Однако Цветаева осознает, что ее Пушкин, это прежде всего ее “мечта”, “творческое сочувствие”, а сама она всю жизнь прожила мечтой. “Ибо Пушкин – все-таки моя мечта, мое творческое сочувствие. Казалось, не я это говорю, я всю жизнь прожившая мечтой, не мне бы говорить, но – мое дело на земле – правда, хотя бы против себя и от всей своей жизни” [Цветаева, 1997. С. 449].
“Влияние далекого современника уже не влияние, а сродство. Для того, чтобы напр. Генрих Гейне (1830г.) повлиял на меня (1930) нужно, чтобы он заглушил во мне всех моих современников, он – из могилы – весь гром современности. Следовательно, уже мой слуховой выбор, предпочтение, сродство”. [Цветаева, 1997. С. 346]
Африканец
…Братски – да, арапски –
Да, но рабски –нет
(НО! люблю Пушкина. Невошедшее. А жаль.) [Цветаева, 1997. С. 445].
..Собственного слуха
Эфиоп – арап._
…где хозяин – гений.
Тягости Двора –
Шутки – по сравненью
С каторгой пера…
Узы и обузы
Сердца и Двора –
Шутки - перед грузом
Птичьего пера
Мур: - Не обреченность (кто-то о П), а африченнность. (т. е. обреченность на Африку) [Цветаева, 1997. С. 446].

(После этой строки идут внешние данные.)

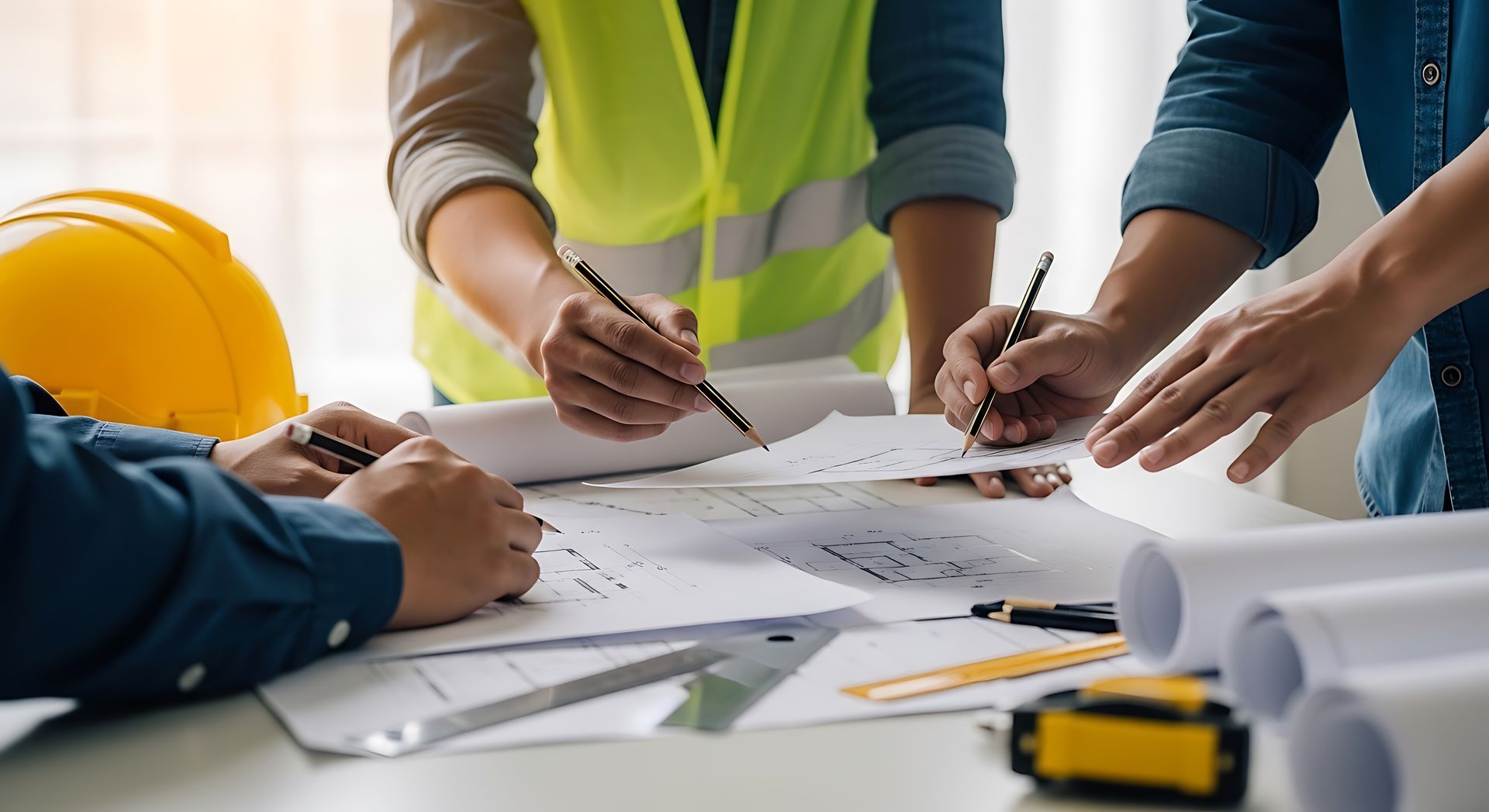 Des membres de l’équipe en gilet de sécurité examinent des plans sur un chantier.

“…Страсть всякого поэта к мятежу… К одному против всех – и без всех. К преступившему” [Цветаева, 1994-1995. Т. 5. С. 509] Цветаевская любовь к Пушкину как к изгою, гонимому, “негру”, распространялась и на остальных гонимых, всех тех, кто по различным причинам оказывался в оппозиции к большинству. “Пушкину я обязана своей страстью к мятежникам – как бы они не назывались и ни одевались. Ко всякому предприятию – лишь бы было обречено” [Цветаева, 1994-1995. Т. 5. С. 510]. Эта обреченность относится и к жизни Цветаевой. Она впустила в свою жизнь (поэзию) стихию необузданных страстей, попала под чары наваждения.
Страсть – это, то чувство, которое отличает поэтов от обычных людей, и которое делает существование поэта в мире “мужей и жен” невозможным.
***
Когда-то Ираклий Андроников уверял, что только 13 дней в жизни Пушкина остаются белым пятном для пушкинистов: не знают они, где он был в эти дни, с кем встречался, что делал и, главное, что писал. Тому свидетельству Андроникова почти полвека. И нынче захотелось осведомиться у знатоков: уменьшилось ли для них то белое пятно? Однозначного ответа не прозвучало.
13 дней на протяжении 37 лет – пустяковейший пустяк, не правда ли? Да, но только по хронометражу ординарной жизни.
А однажды он сам повел счет на дни. Это когда к плану издания “Евгения Онегина” прибавил календарную выкладку – ему захотелось узнать, сколько времени писался роман. Начал 9 мая 1823-го в Кишиневе. Кончил 25 сентября 1830-го в Болдине. Итого:
“7 лет, 4 месяца, 17 дней”!
Таким плодоносным бывало время его жизни, что каждый день просился взять его на учет!
А у тех, кого он одаривал собою, у сменяющихся поколений читателей-почитателей, всегда бывал свой счет времени “на Пушкина”, на общение с ним.
Бессмертно евангельское: “Много званных да мало избранных”. На Пушкина, как на праздник жизни и поэзии, бывали званы все. Начиная с первоклашек. И школьное время на школьного Александра Сергеевича, которого “проходили”, всегда и всюду в России было почти одинаковым. И это учебное Время нередко превращалось еще и в Бремя, как обычно, когда духовная пища становится принудительной. Но для избранных из званых хрестоматийный классик легко и свободно вырастал в покоряющего вечной новизной, незапрограммированного, нескончаемого Пушкина. И в меру собственной одаренности каждый избранный прокладывал свою тропу в Пушкиниане. И обретал право сказать современникам, что есть на свете его (сегодня пошутили бы – “приватизированный”) “мой Пушкин”.